Y a-t-il lieu de parler de détente politico-judiciaire en Tunisie ?

Mohamed Boughalleb fait partie des voix les plus virulentes à l’encontre de l’actuel pouvoir en Tunisie
Trois des dizaines de figures publiques en détention ont été libérées coup sur coup en Tunisie, respectivement une militante des droits de l’homme, un ancien ministre et un journaliste. De quoi susciter les espoirs des plus optimistes quant à d’autres libérations à venir dans le cadre d’une forme de détente politique plus vaste. Pourtant, à y regarder de plus près, il s’agit tout au plus d’une détente à minima, voire de simples coïncidences du calendrier.

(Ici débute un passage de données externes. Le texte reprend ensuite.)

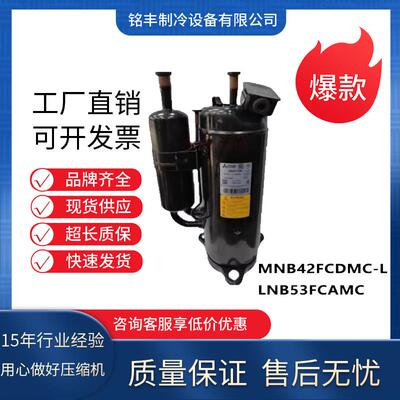 全新制冷变频空调冷库压缩机MNB42FCDMC-L LNB53FCAMC适用于三菱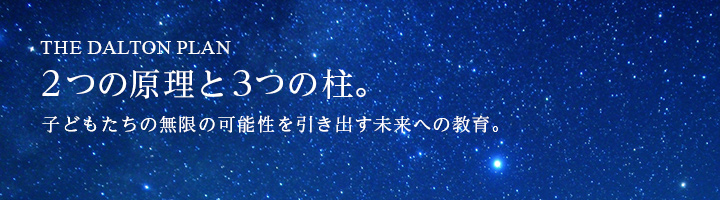 THE DALTON PLAN 2つの原理と3つの柱。子どもたちの無限の可能性を引き出す未来への教育。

La justice tunisienne a décidé jeudi 20 février de remettre en liberté Mohamed Boughalleb, chroniqueur et figure médiatique poursuivi en vertu du décret présidentiel 54 visant officiellement à lutter contre les « fausses informations ». Sa libération intervient au lendemain de celle de Sihem Bensedrine, personnalité de la société civile et ex présidente de l’Instance vérité et dignité, accusée de falsification du rapport final de l’instance. La veille, l’avocat Wacef Masmoudi, membre du comité de défense de l’ancien ministre de l’Environnement, Riadh Mouakher, avait la libération de son client, incarcéré depuis février 2023.
Les peines scrutées dans le détail incitent à la perplexité
Si la cour criminelle au sein du tribunal de première instance a finalement accepté hier soir la demande de la défense de libérer le journaliste, il reste cependant poursuivi en vertu du décret-loi 54, selon Me Hamadi Zaafrani. Il lui est interdit de quitter le territoire et son procès a été reporté au 21 avril, selon la même source.
Avocat également, son frère avait indiqué que Mohamed Boughalleb était fragile, souffrant de diabète et d’hypertension. Fin janvier, le président de la Ligue tunisienne des droits de l’homme (LTDH), Bassem Trifi, l’avait aussi mentionné parmi des détenus dans « un état de santé grave ».
Les mêmes considérations d’ordre sanitaire et humanitaire semblent avoir été l’une des causes de libération conditionnelle dont a bénéficié Bensedrine (74 ans) qui ne comparaissait en état d’arrestation que dans l’une des neuf affaires qui lui sont intentées. D’autres observateurs affirment que les pressions onusiennes que nous évoquions le 18 février courant ont pu infléchir la décision du pouvoir tunisien, d’autant que cet appel de l’UNHCR avait cité nommément la concernée.
Condamné à trois ans de prison dans une affaire liée à des malversations dans un appel d’offre public, Riadh Mouakher venait quant à lui de dépasser les deux années d’incarcération, soit les deux tiers de sa peine.
Si certains y voient d’un œil angéliste les prémices d’une opération de clémence et de pré-dialogue aux portes de ramadan, mois de la piété, d’autres suspectent au contraire une tentation du « reculer pour mieux sauter » et se focaliser sur le grand procès du 4 mars où doivent être jugés les opposants les plus gênants du pouvoir, poursuivis pour « complot » et où figurent un certain nombre d’islamistes.
Quoi qu’il en soit, contrairement au régime algérien allié qui n’a pas manqué récemment de publiciser via Abdelmadjid Tebboune lui-même sa volonté d’une forme d’inflexion et d’envoi de signaux en ce sens à l’opposition algérienne, le pouvoir tunisien continue pour sa part d’observer le silence à ce sujet et de marteler que la justice demeure indépendante, ce qui alimente les spéculations et laisse la part belle à toutes les interprétations.